I doubt if fresh-faced schoolchildren are the main target market for the spatula (particularly since the DNA test kit costs pound;74 per person), yet this is a project that British teachers and Ancestry.co.uk should seriously think about working on together. It would surely be in the website’s interests to offer an affordable school discount, given the rich and appetising volume of DNA data that British schoolchildren could supply to this new bank.

It is also much better if ancestor research happens in youth, rather than adulthood. Children will set about it without baggage. They have not spent decades nurturing false dreams and prejudices about who they are and where they come from. It is a far more disorientating business if the genealogical mission is left until later on in life - and not as helpful.

A case in point was the latest BBC series of Who Do You Think You Are? which bore witness to much deluded barking up erroneous ancestral trees.

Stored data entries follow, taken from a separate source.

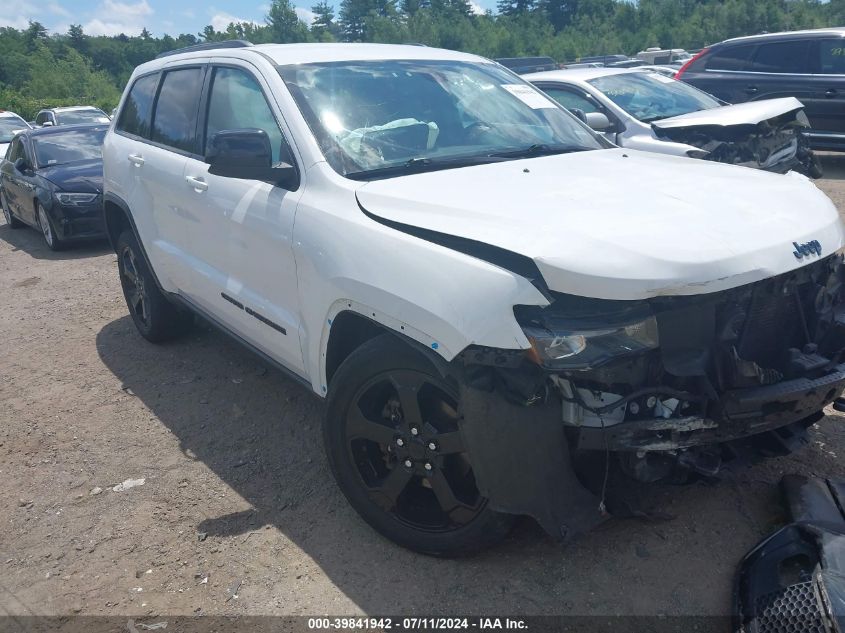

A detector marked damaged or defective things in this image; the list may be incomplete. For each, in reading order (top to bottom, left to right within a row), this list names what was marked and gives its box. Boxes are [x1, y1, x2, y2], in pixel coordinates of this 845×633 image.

crumpled hood [39, 158, 103, 193]
white damaged car [104, 40, 844, 552]
crumpled hood [358, 148, 844, 298]
white damaged car [524, 67, 820, 177]
crumpled hood [652, 96, 804, 130]
damaged front end [648, 108, 820, 178]
damaged front end [458, 252, 844, 540]
damaged front bumper [458, 252, 845, 540]
detached bumper piece [732, 474, 844, 632]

John Hurt set off dreamily to his presumed Irish homeland, found no relatives there at all and ended up in Grimsby. Graham Norton rummaged around Ireland too, but wound up in Sheffield. Alistair McGowan began the programme as part-Portuguese, part-Scottish; an hour later, he was Indian and part-Irish. Nothing wrong with any of these outcomes, of course, but they all caused a major shock nonetheless. Years of wasteful misconception.

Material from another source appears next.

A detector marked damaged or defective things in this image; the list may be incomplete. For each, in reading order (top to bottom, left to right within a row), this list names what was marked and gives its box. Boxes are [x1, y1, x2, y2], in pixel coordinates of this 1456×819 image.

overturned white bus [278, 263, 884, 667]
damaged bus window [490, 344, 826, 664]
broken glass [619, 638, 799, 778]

There have been similar and perhaps even more bloodline-busting discoveries in America recently. The Republican Vice-President Dick Cheney has learnt that he is a distant cousin of the black liberal senator, Barack Obama. Difficult to say which side was more shaken by this news. “Always knew there was a black sheep in the family” was the reported response from the Obama camp.

Meanwhile, US singer Mariah Carey was hoping to confirm that the “Cole” among her antecedents meant that she shared the same genes as the arguably more talented Nat King Cole. She discovered instead that her pedigree is shared with the Chelsea defender Ashley Cole. As Mariah might now sing if she were to perform Cole (no relation) Porter’s hit I Get a Kick Out of You, “Mere Ashley Cole doesn’t thrill me at all”.

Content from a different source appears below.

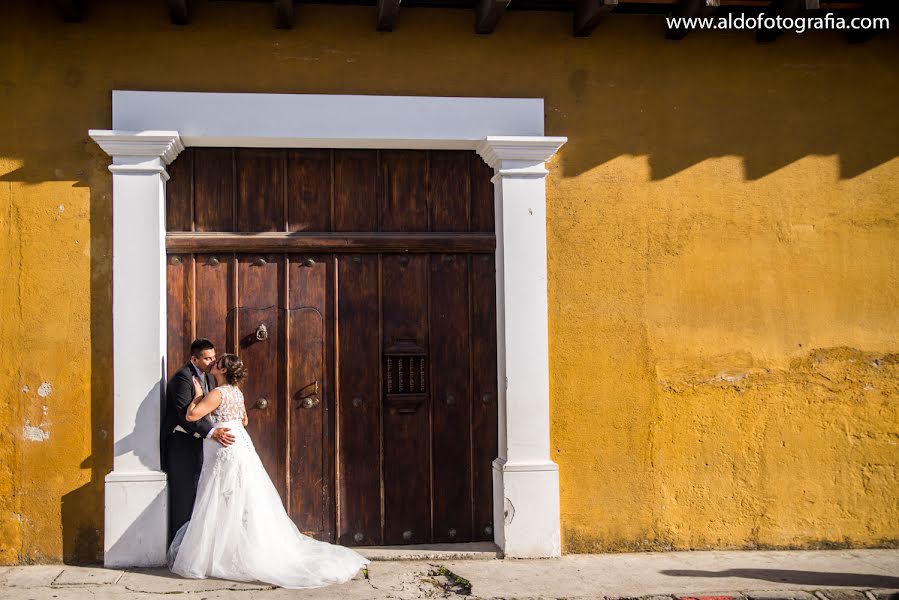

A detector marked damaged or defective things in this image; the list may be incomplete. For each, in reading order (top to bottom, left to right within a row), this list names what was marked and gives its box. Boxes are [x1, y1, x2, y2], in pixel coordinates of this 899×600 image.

peeling plaster patch [23, 422, 50, 440]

Enough of such adult folly. Let youngsters find out about their personal roots and connections at the earliest age possible, before their elders mess their heads up too much with notions of class, “pedigree”, “skeletons in cupboards”, “black sheep”, and the like. The more our youngsters discover that their relatives include people from a colourful mix of social, national, religious and ethnic backgrounds, the more we can help to make a nonsense of prejudice in all those areas. That’s got to be worth a few cheek cells.

Stephen Petty, Head of humanities at Lord Williams’s School in Thame, Oxfordshire.